"Let books be your dining table, / And you shall be full of delights. / Let them be your
mattress,/
And you shall sleep restful nights" (St. Ephraim the Syrian).


Friday, June 15, 2012

The Light Shineth in Darkness; and the Darkness Comprehended It Not

Continuing their wholly welcome endeavors on "the Russian front," Eerdmans has another book by Bulgakov set for release later this year: Unfading Light, trans. T.A. Smith (Eerdmans, October 2012), 544pp.
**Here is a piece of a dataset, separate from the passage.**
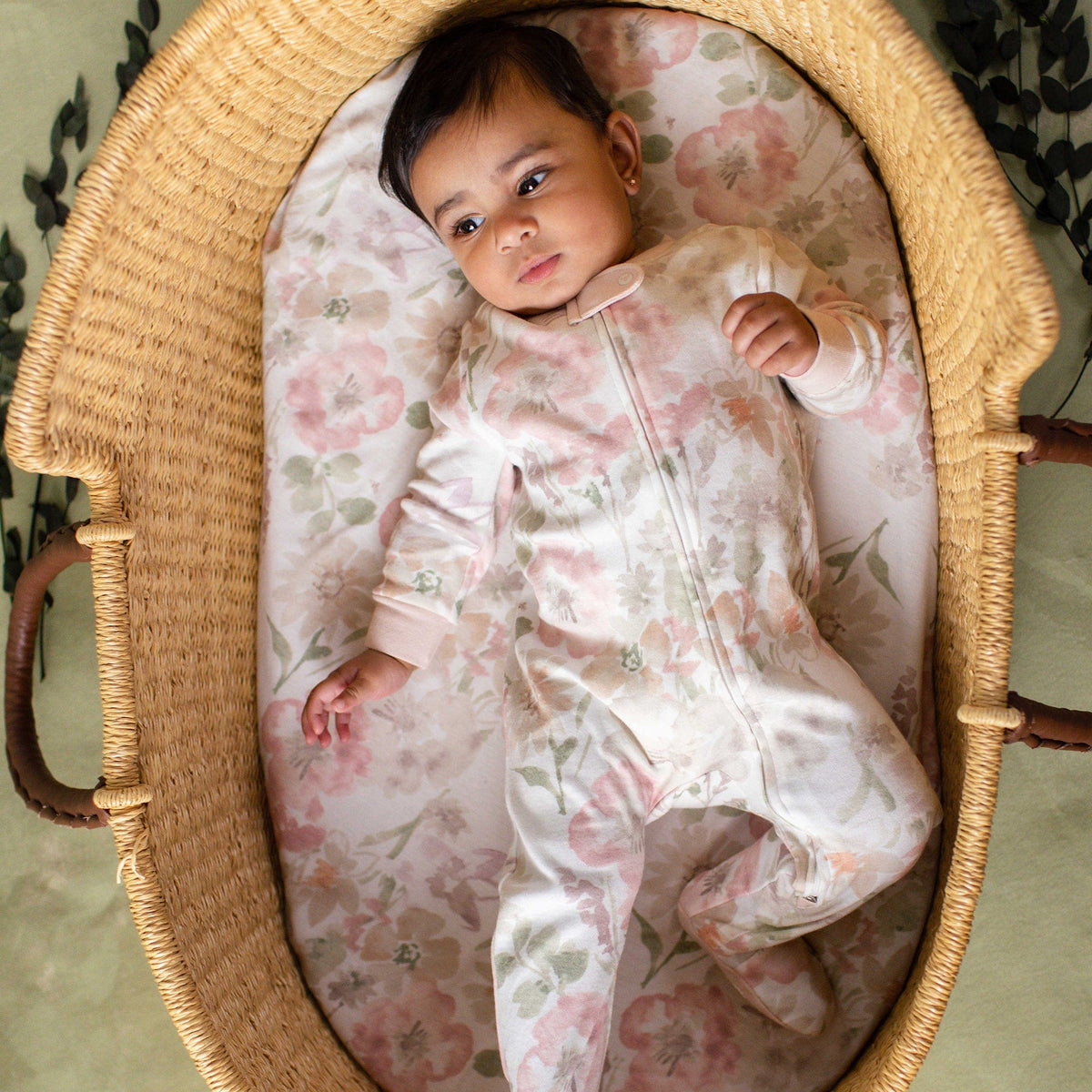 Flower Meadow Organic Cotton BEESNUG® Fitted Bassinet Sheet Pack of 2 Burt's Bees Baby Lil Tulips
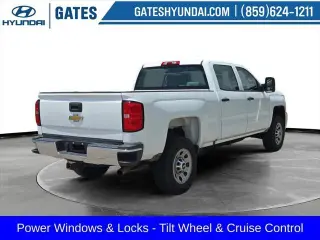 Chevrolet Silverado 3500HD 2018 4x4 Work Truck 4p Crew Cab SRW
About this book the publisher tells us:
With its scholarly discussions of myth, German idealist philosophy, negative theology, and mysticism, shot through with reflections on personal religious experiences, Unfading Light documents what a life in Orthodoxy came to mean for Sergius Bulgakov on the tumultuous eve of the 1917 October Revolution. Written in the final decade of the Russian Silver Age, the book is a typical product of that era of experimentation in all fields of culture and life. Bulgakov referred to the book as miscellanies, a patchwork of chapters articulating in symphonic form the ideas and personal experiences that he and his entire generation struggled to comprehend. Readers may be reminded of St. Augustine's Confessions and City of God as they follow Bulgakov through the challenges and opportunities presented to Orthodoxy by modernity.